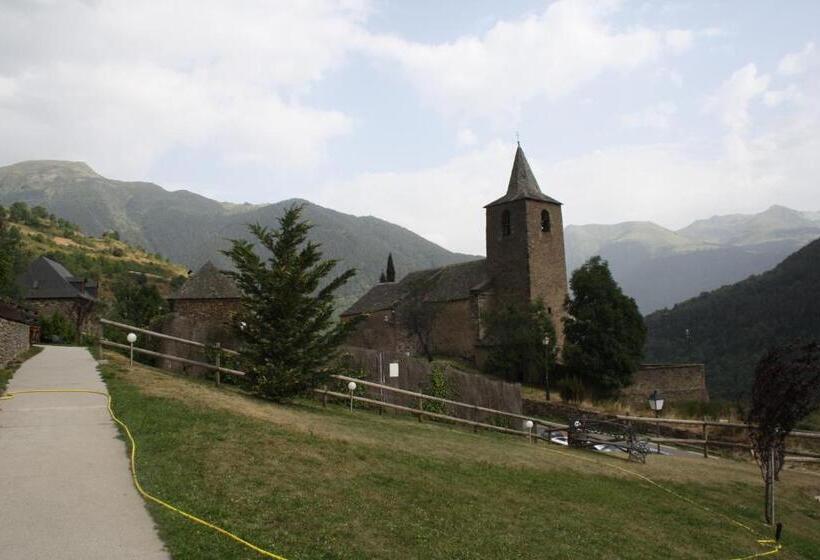 هتل Tierras De Arán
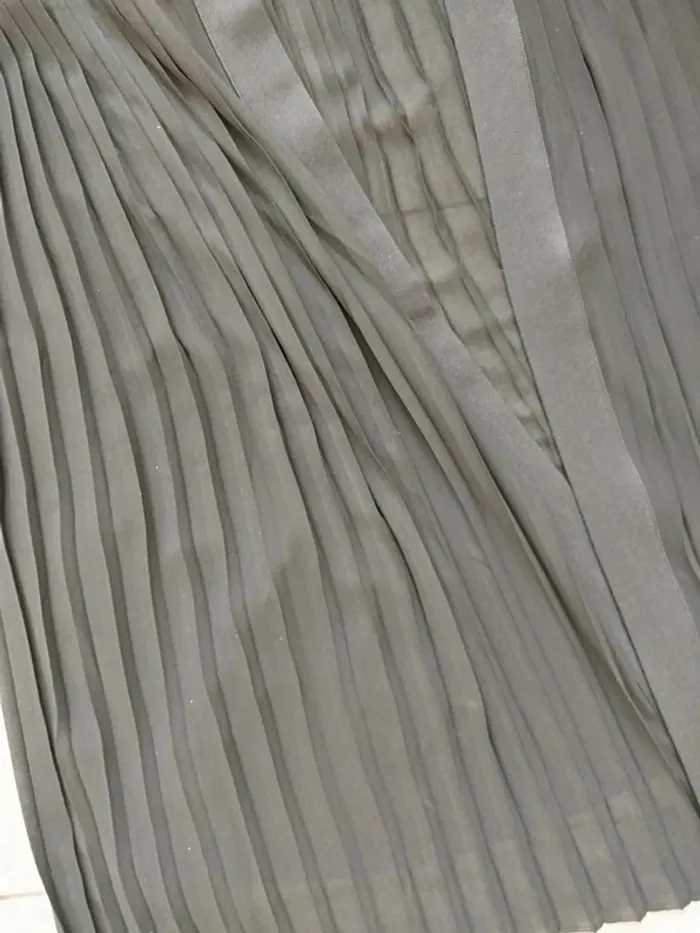 Gilet fin transparent sans manches - photo numéro 2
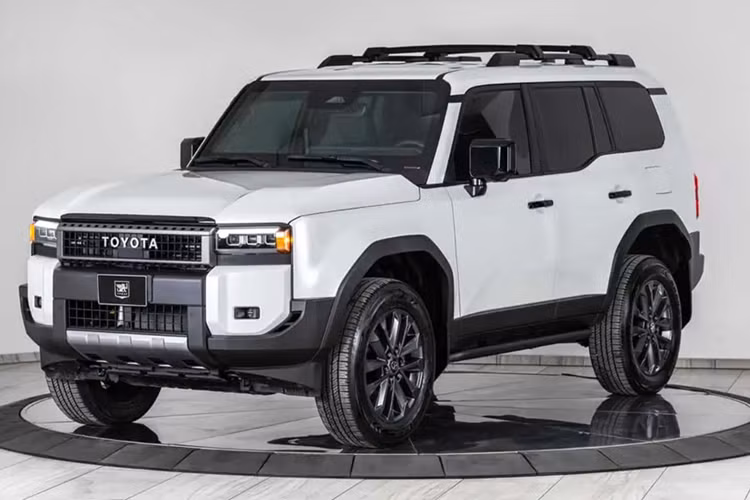 Với mẫu xe SUV Toyota Land Cruiser, hãng đã tạo ra một phiên bản đặc biệt, kết hợp vẻ ngoài vuông vức đặc trưng với khả năng chống chịu ấn tượng, phù hợp cho các chính trị gia, người nổi tiếng hoặc dùng trong những nơi xảy ra chiến sự 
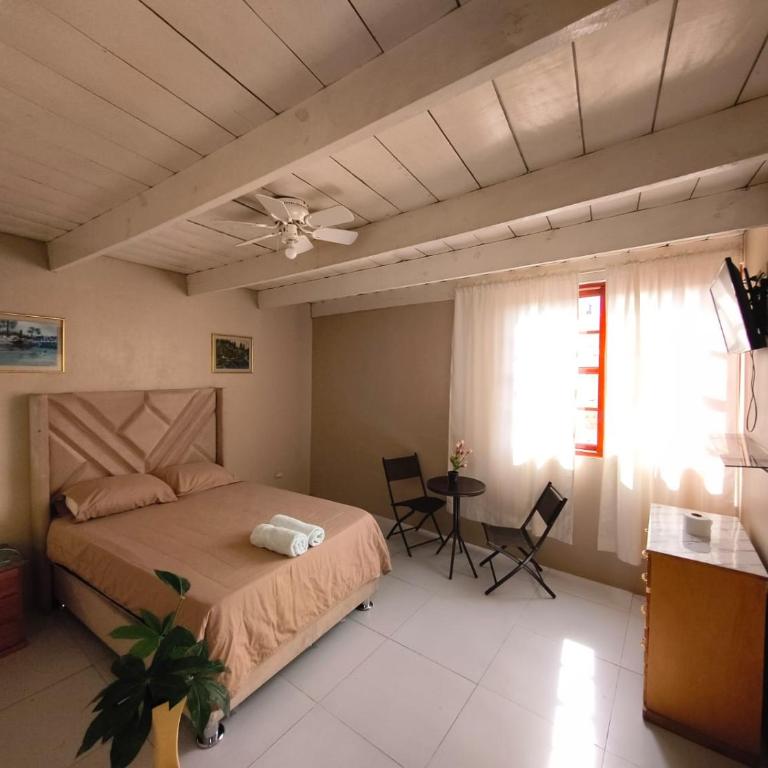 Hospedaje El Cairo - Habitación Doble con baño privado - 1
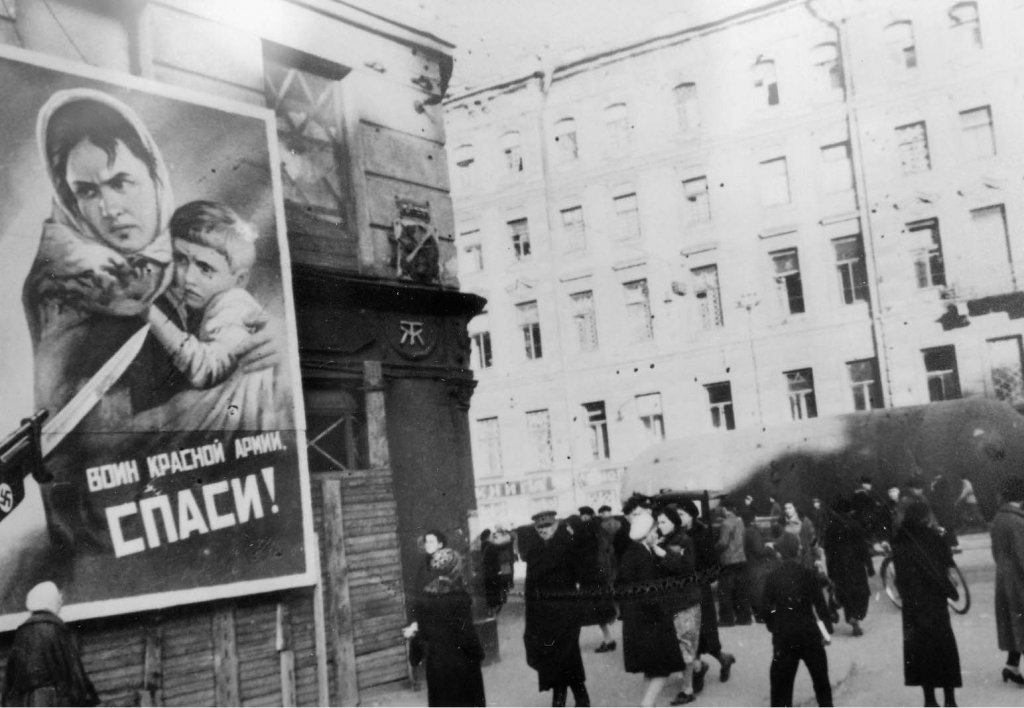 Leningrad 1941_11_7 (2).jpg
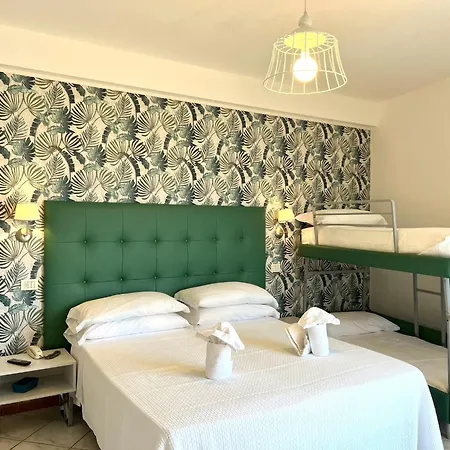 Hotel Acquario 3*
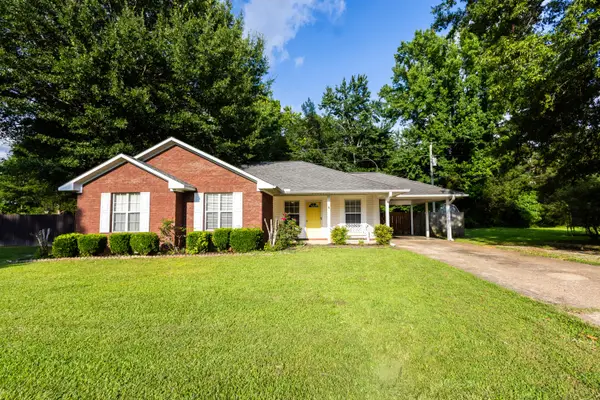 108 Longview Dr., Amory, MS 38821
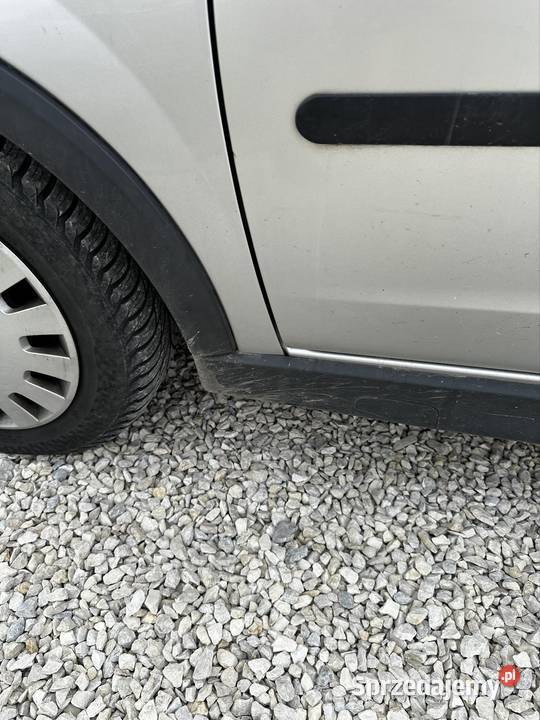 Opel Corsa szyberdach Głusiec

→ **TASK**: Exclude all pictures and return precisely the lines from the one containing "108 Longview Dr., Amory, MS 38821" through the closing line of the data.

→ **ANSWER AREA**:
 108 Longview Dr., Amory, MS 38821
 Opel Corsa szyberdach Głusiec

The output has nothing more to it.